▶ **Your assignment**: Leave the images out, and otherwise write out each entry exactly.

▶ **Short text fragments from websites**:
⁂

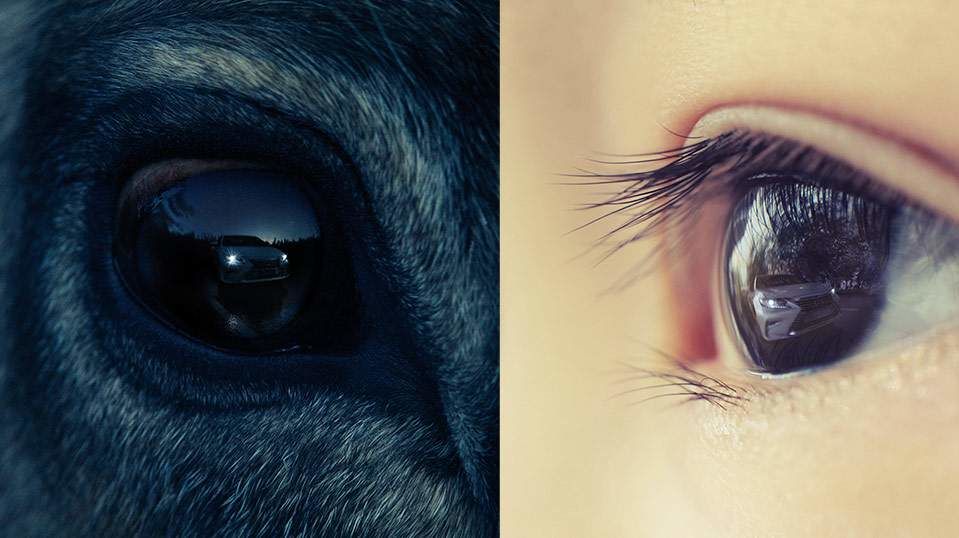 Deux yeux, de nombreux systèmes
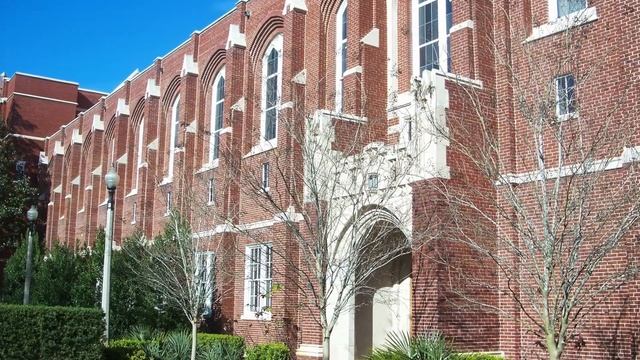 Dispatches From Off the Deaton Path: National Library Week смотреть онлайн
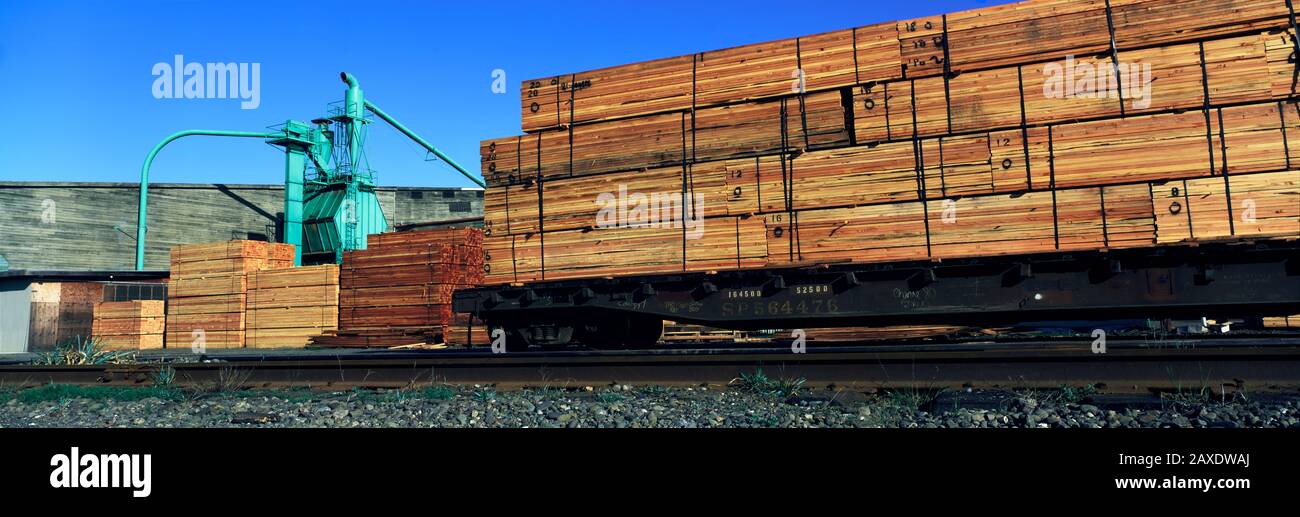 Le bois est chargé dans un train de marchandises, Eureka, comté de Humboldt, Californie, États-Unis Banque D'Images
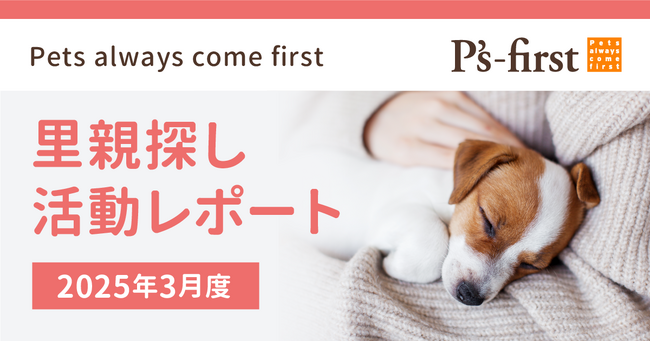 ペッツファーストグループ 里親探し活動レポート 2025年3月度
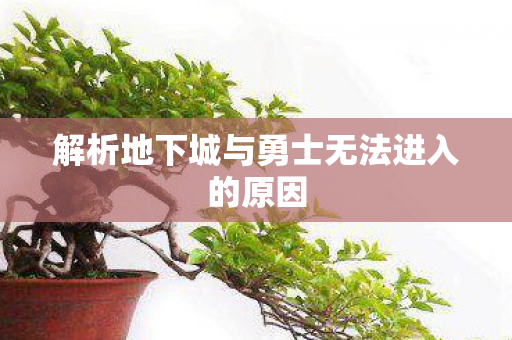 解析地下城与勇士无法进入的原因图片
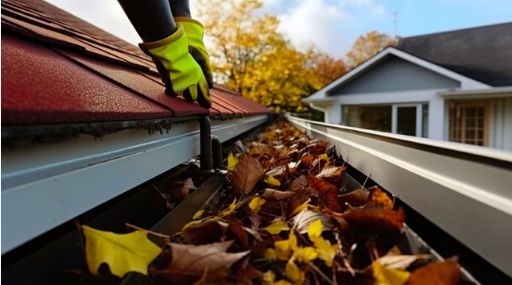 Gutter Cleaning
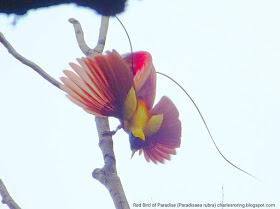 Male Red Bird of Paradise (Paradisaea rubra)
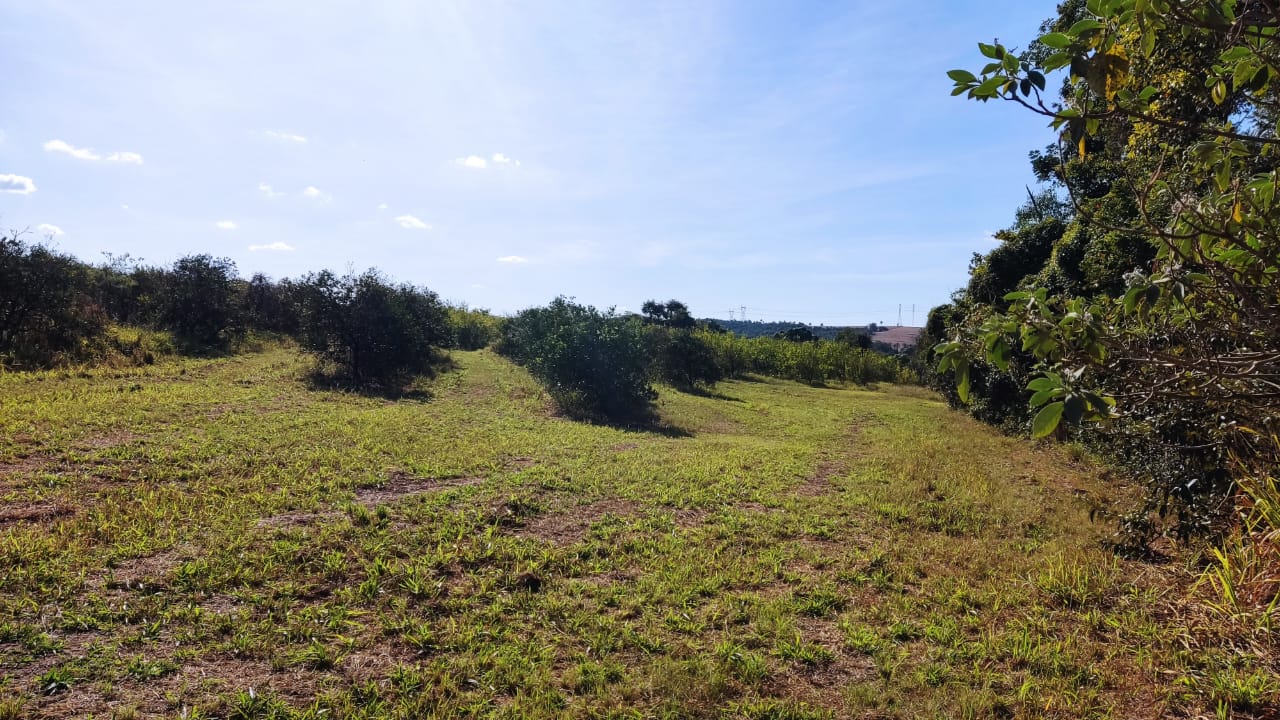 Chácara à venda com 5000 quartos, 5000m² - Foto 8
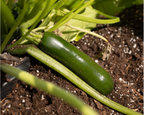 Spineless Supreme Hybrid Zucchini Seeds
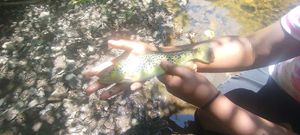 Brown Trout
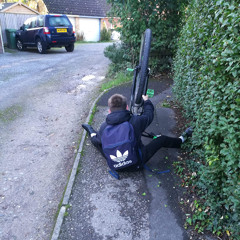 lew1s.wilts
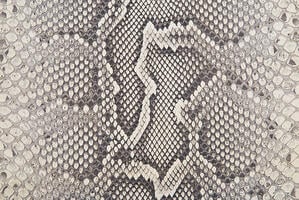 When most people think of python skins, the patterns of the Burmese python spring to mind. The round, irregular shapes are a defining characteristic of Burmese python hide.
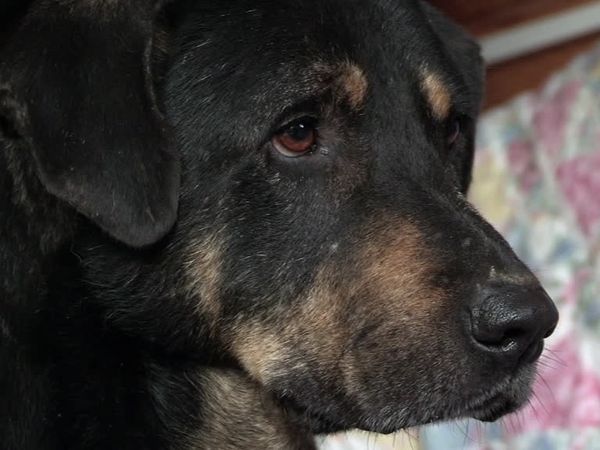 The Dog Rescuers - Episode 1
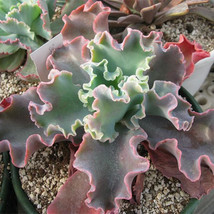 Rare flesh 20 seeds Succulent ECHEVERIA Echeveria gibbiflora, Mexico DF seeds - $30.00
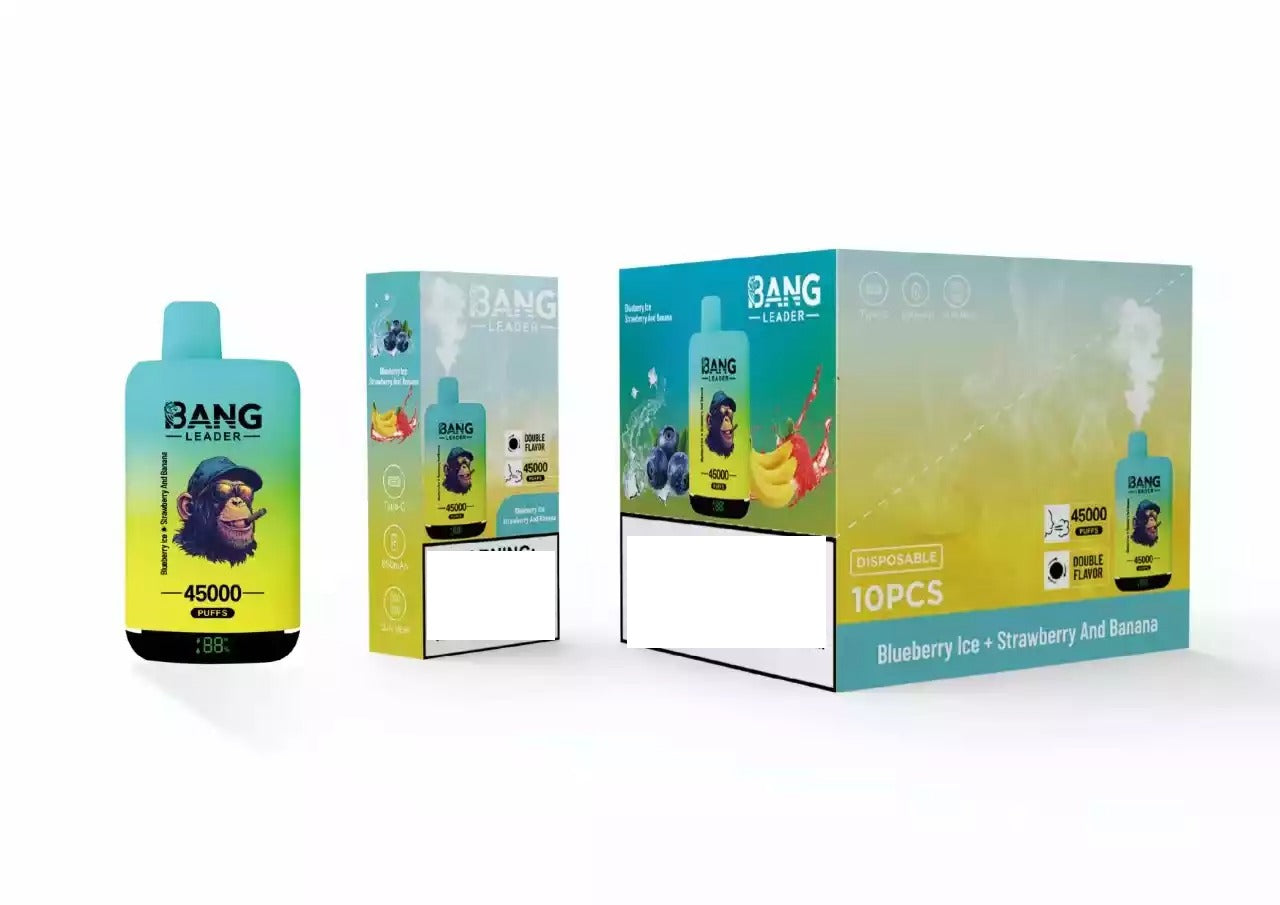 BANG LEADER 45000 Puffs Dual Tastes Bulk Buy Rechargeable Disposable Vapes Wholesale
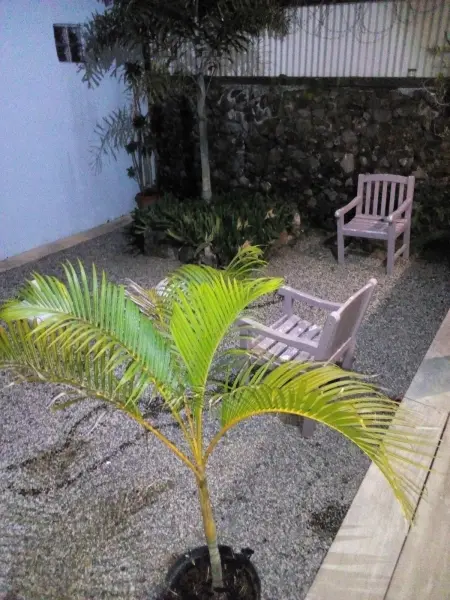 Appartement confortable à Le Vauclin avec jacuzzi - Photo 30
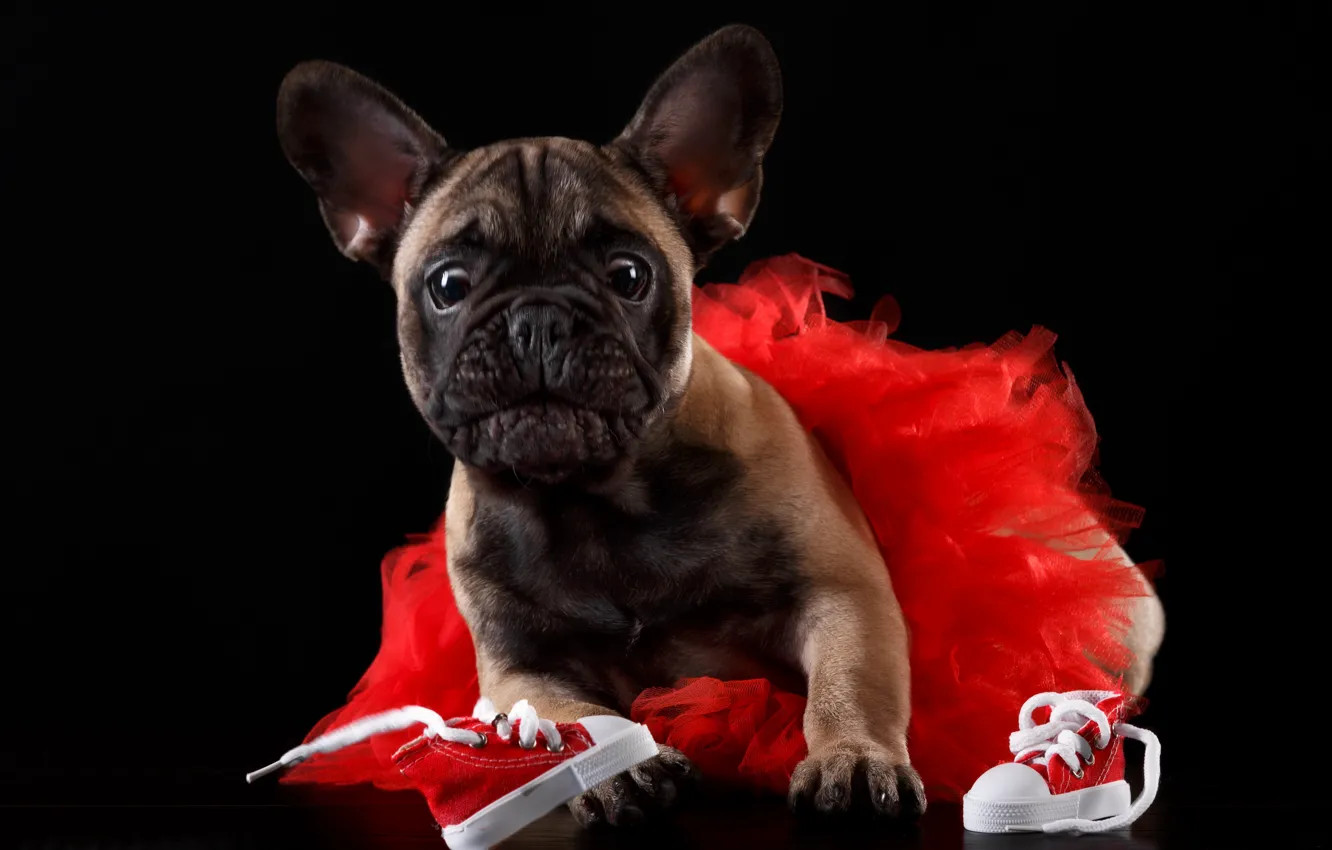 Photo wallpaper shoes, skirt, baby, puppy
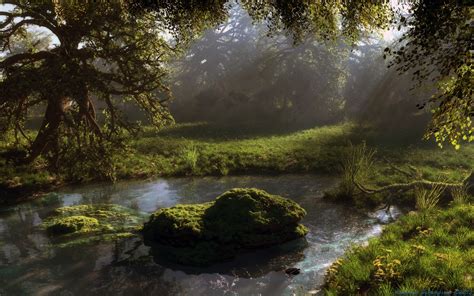Wallpaper Pond Forest Trees Nature 1920x1200 Wallhaven 1034196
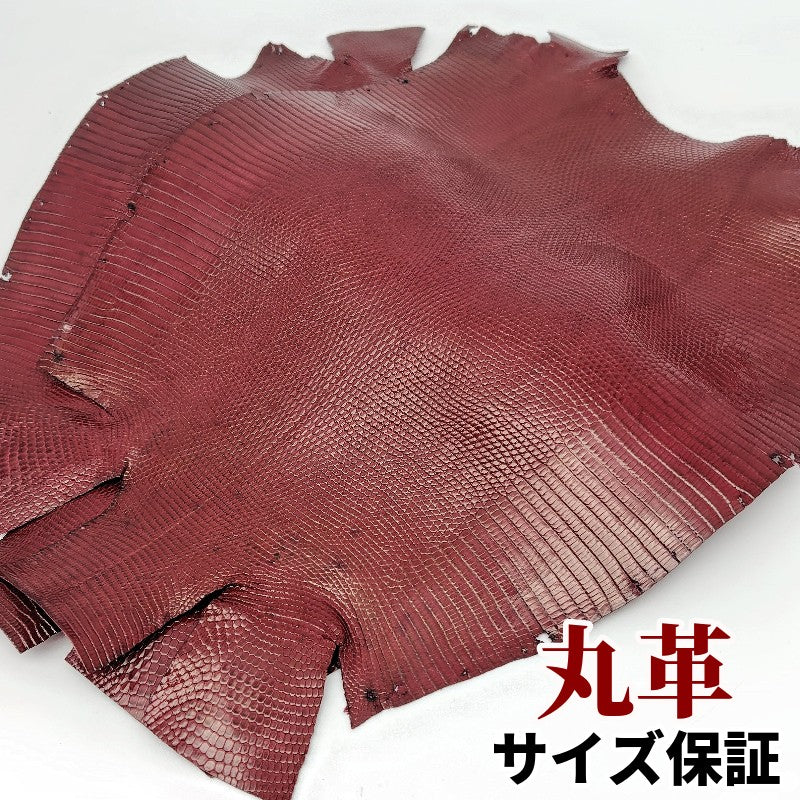 蜥蜴　革素材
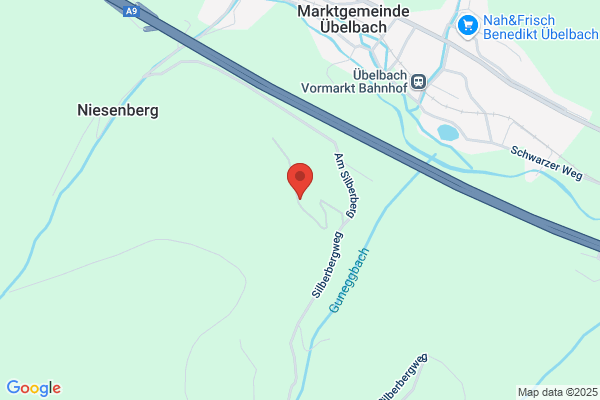 Vinzenz Windisch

⁂

▶ **Answer box**:
 Deux yeux, de nombreux systèmes
 Dispatches From Off the Deaton Path: National Library Week смотреть онлайн
 Le bois est chargé dans un train de marchandises, Eureka, comté de Humboldt, Californie, États-Unis Banque D'Images
 ペッツファーストグループ 里親探し活動レポート 2025年3月度
 解析地下城与勇士无法进入的原因图片
 Gutter Cleaning
 Male Red Bird of Paradise (Paradisaea rubra)
 Chácara à venda com 5000 quartos, 5000m² - Foto 8
 Spineless Supreme Hybrid Zucchini Seeds
 Brown Trout
 lew1s.wilts
 When most people think of python skins, the patterns of the Burmese python spring to mind. The round, irregular shapes are a defining characteristic of Burmese python hide.
 The Dog Rescuers - Episode 1
 Rare flesh 20 seeds Succulent ECHEVERIA Echeveria gibbiflora, Mexico DF seeds - $30.00
 BANG LEADER 45000 Puffs Dual Tastes Bulk Buy Rechargeable Disposable Vapes Wholesale
 Appartement confortable à Le Vauclin avec jacuzzi - Photo 30
 Photo wallpaper shoes, skirt, baby, puppy
Wallpaper Pond Forest Trees Nature 1920x1200 Wallhaven 1034196
 蜥蜴　革素材
 Vinzenz Windisch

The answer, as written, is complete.